Se seguiamo il ragionamento dell’autrice e di Giraudoux, il rapporto tra letterature diventerebbe “antropologicamente” fondato sull’imitazione e/o sulla traduzione: la letteratura latina avrebbe tradotto quella greca, quelle romanze nascerebbe dalla ripresa e dal travisamento del patrimonio classico, la letteratura volgare italiana dall’importazione dei modelli francesi e occitani e così via (p. 13).
L’imitazione, quindi, è da intendersi come una strategia che presuppone una doppia complicità: da un lato si fa riferimento a un patrimonio comune, nella speranza o meno che il lettore possa identificarsi e riconoscere quanto l’autore sta scrivendo; dall’altro, l’autore in una certa maniera gareggia in bravura con il modello richiamato.
Il secondo testo che ho preso in considerazione è di Maria Bergamo e Monica Centanni (edizioni Paravia, 2005) con un titolo veramente interessante L’originale assente. In questo testo, ho trovato di molto interesse il riferimento al concetto di modello e alla differenza di percezione che si ha della copia e dell’artista tra il mondo greco e quello latino. Se per Platone, il modello o i modellio erano le Idee, da intendersi come qualcosa di inaccessibile (ma a cui aspirare) e poi trasferibili come cogitata species nella mente dell’artista, per Cicerone qualcosa cambi (p. 65).
Abbiamo già preso in considerazione, anche se in maniera limitata, il De Oratore andando a scoprire che per Cicerone esiste la componente dell’immaginazione e della creatività dell’ingegno del filosofo a completamento della figura del retore. Ora si prendano in considerazione altri due testi, l’Orator e il Brutum che specificano il modello supremo di oratore. Cicerone, nel primo dei due testi, propone un paragone tra la creazione retorica e la creazione dell’artista figurativo affermando che esiste un modello mentale non solo per l’artista, ma anche per l’oratore.
Esiste, quindi, un modello originario di perfezione di cui si ha intuizione e la cui imitazione dà vita a grandi opere, delle quali però si ha una percezione sensibile: queste ultime appaiono come copie comunque inferiori all’originale, che è solo intuito. In questa gerarchizzazione del rapporto modello/copia, Cicerone si rifà esplicitamente a Platone, ma, nel contesto dello scrittore latino, il senso ontologico e gnoseologico delle idee, intese quali forme supreme delle cose, è rovesciato (p. 65).
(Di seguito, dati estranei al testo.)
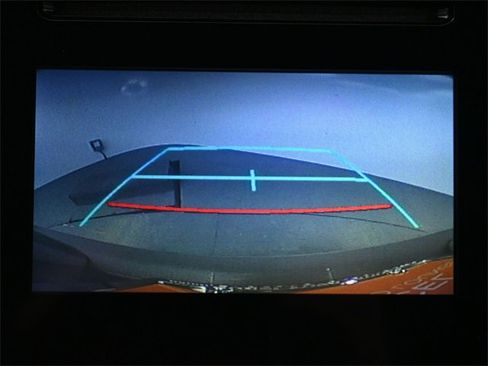 Used 2016 Toyota Prius Two image 28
All’artista viene così riconosciuta la possibilità di emanciparsi sempre di più dall’imitazione del reale dando forma a libere rappresentazioni.
Insomma, le opere saranno comunque imitazioni delle forme ideali ispiratrici, ma la forma ideale sarà verificabile soltanto nella realizzazione concreta, per quanto inferiore, della copia. Il deficit che porta con sé la copia, con un valore inferiore di verità, trova un contrappeso importante nella creatività dell’artista. Comincia ad esserci al centro del nostro discorso l’uomo.